I have seen doves at pet stores before and was amazed at the price that they were selling it at, I couldnt beleive that they charge so much I think it was like 40 or 50 dollars for a diamond dove. Dealing mainly with Birmingham Roller pigeons I have seen them sold for anywhere between $5 and $25 but never at a pet store.
all this information is coming from a pigeon background so bear with me.
I have heard that doves and pigeons are considered the same thing (scientificly).
Doves like pigeons are a comunal animal so if you dont have a mate for it then you must become its partner for it to be "truly" happy, you will become family to this dove and it will love you as though you are its family.
If a dove bites you I can garantee that it wont hurt a bit, my pigeons are alway bitting at me, I actually have one that grabs hold of some skin on my hand and shakes it around like a dog but it doesnt hurt at all, its kinda funny actually.
I'm not sure about having a permit to own a dove but there is probably someone here that knows for certain. I dont have a permit for my pigeons and I have about 20 of them that I let fly almost every other day.
About letting them out to fly: I'm not sure about how well doves home I have never heard of people letting doves out to fly freely.
I dont think there would be a problem with moving alot as long as you are still family to it.
regarding housing, you may want to wait till someone else responds I know there ar some people here that deal with doves and they could actually give you more info on the subject but I hope that this gives you a start with your research. 
~Brian


----------



## DaveD (Jul 9, 2001)

Hi Diane, and thanks for comming here, you'll find a lot of great people. I'm not an expert either, but did keep a flock of doves for a while. 

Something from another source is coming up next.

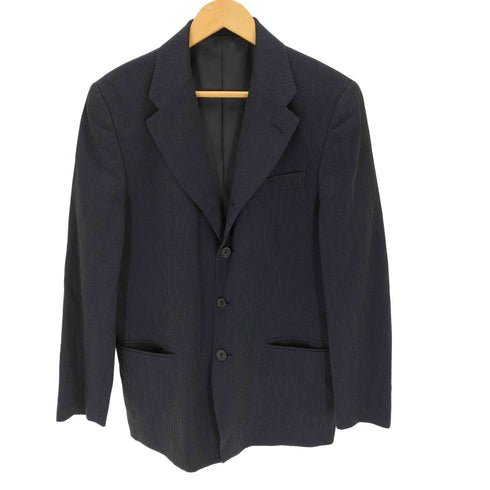 peyton place for men 日本製 ウールテーラードジャケット メンズ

First off, I'm not sure about the permits. I do believe, however, that you may need one too keep wild doves, such as mourning doves. I think tame doves are probably an excpetion, thought not sure. I kept mine for a while, and never have had any permits to do so. Many of the towns around here don't permit the keeping of pigeons, either. Mine doesn't. Most of the time, people look the other way, unless there are complaints. I don't think anyone would hassle you over 1 dove, but if you wanted to keep, say, 100, then you might run into a problem, lol. 

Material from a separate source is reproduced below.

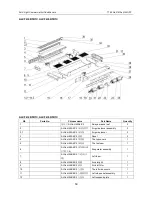 Preview for 59 page of AUX AL-H12/4R1D Service Manual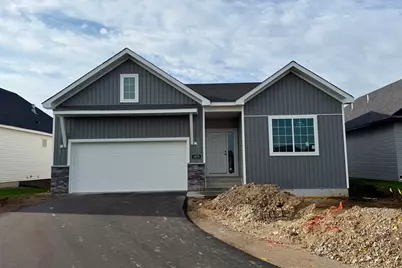 1878 Aster Court, Buffalo, MN 55313 - Photo 1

Tame doves and pigeons are considered the same thing sometimes, but there are diffrences. Doves are smaller, slower, and coo diffrently. But, they are very similar to pigeons. 

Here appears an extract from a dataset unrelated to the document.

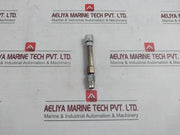 Legris D-20-ss Quick Acting Coupler Compressor Valve Spare Assy 12 Bar Ka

A tame dove wouldn't last long in the outdoors, and I woulnd't recommend flying them. They're slow, and easy for cats, dogs, hawks to catch. The pigeons you see outdoors are likely breeds like rollers or homers, pigeons that are bred for flying ability and preformance. 

Not sure on the leg band requirement. Personally, I don't mind if my birds aren't banded, but bands are usually required for shows or competition. If you're just wanting a pet, it shouldn't matter. 

Also, on just keeping one, it could happen, but unless it had lots of attention from you, it may not be as happy. They tend to coo more in pairs, and one cage can keep two comfortably. I would recommend getting a pair, if possible, and you could allow them to breed if you like, or remove the eggs as they were laid. Your pair would sing, esp. the male, more than a solitary bird. 

As for housing, consider putting togeather your own cage. Chicken wire is pretty cheap, and you a dove cage doesn't have to be all that sturdy, as they're not heavy. As long as other pets, such as cats, aren't a problem, you could build a small cage out of chicken wire and maybe some scrap lumber, if it was available to you. I've also seen a large box turned on it's side work for a temporary setup, as long as something like newspaper was used for a bottom material. 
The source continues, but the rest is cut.